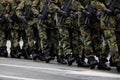 German soldiers take part at the Romanian National Day military parade Royalty Free Stock Photo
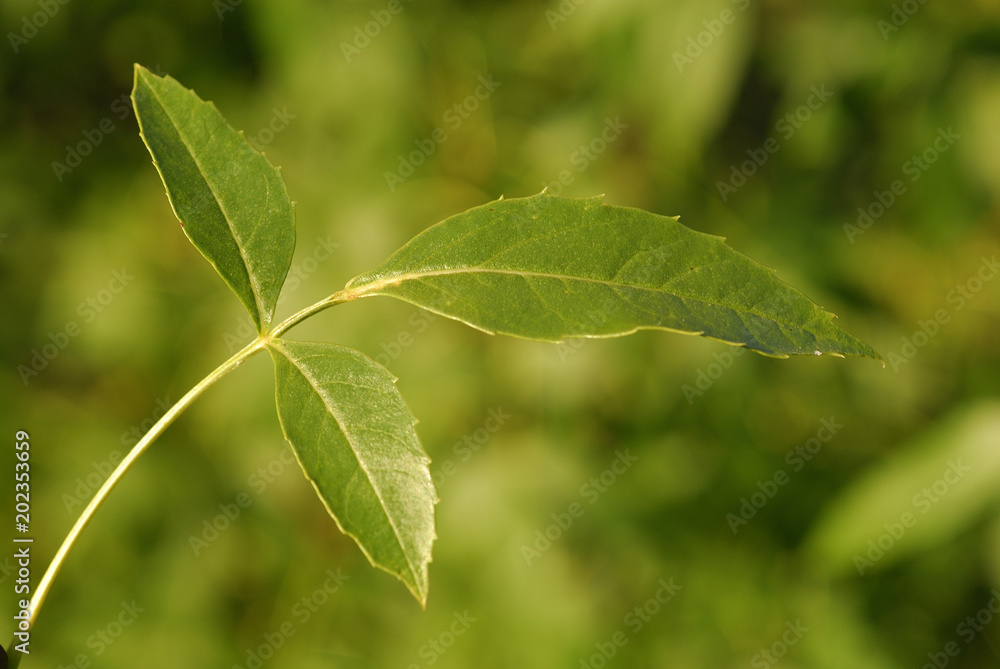 Fraxinus excelsior, Allergens Plants Fraxinus excelsior, Allergens Plants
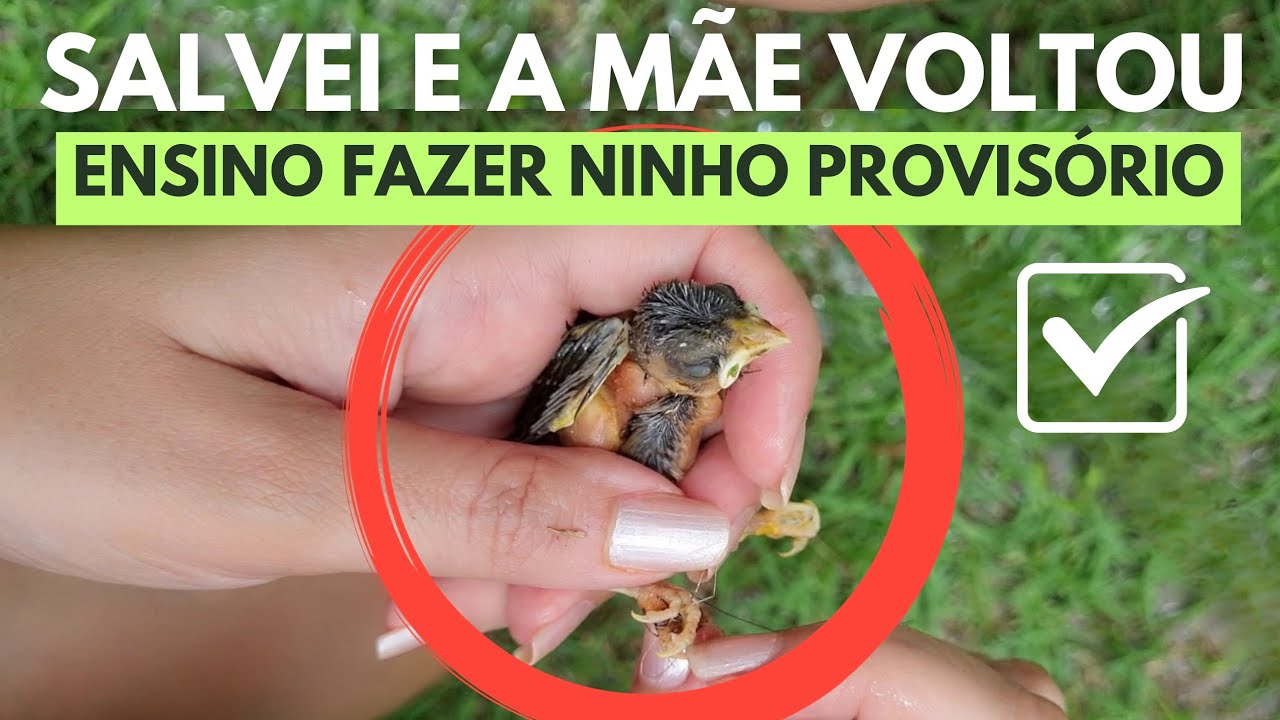 COMO CUIDAR DE PASSARINHO QUE CAIU DO NINHO - Salvei um passarinho caído do ninho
■ ■ ■ ■
== Exercise prompt ==
Write the listing out in full, exactly; no images.

== Solution for this task ==
 German soldiers take part at the Romanian National Day military parade Royalty Free Stock Photo
 Fraxinus excelsior, Allergens Plants Fraxinus excelsior, Allergens Plants
 COMO CUIDAR DE PASSARINHO QUE CAIU DO NINHO - Salvei um passarinho caído do ninho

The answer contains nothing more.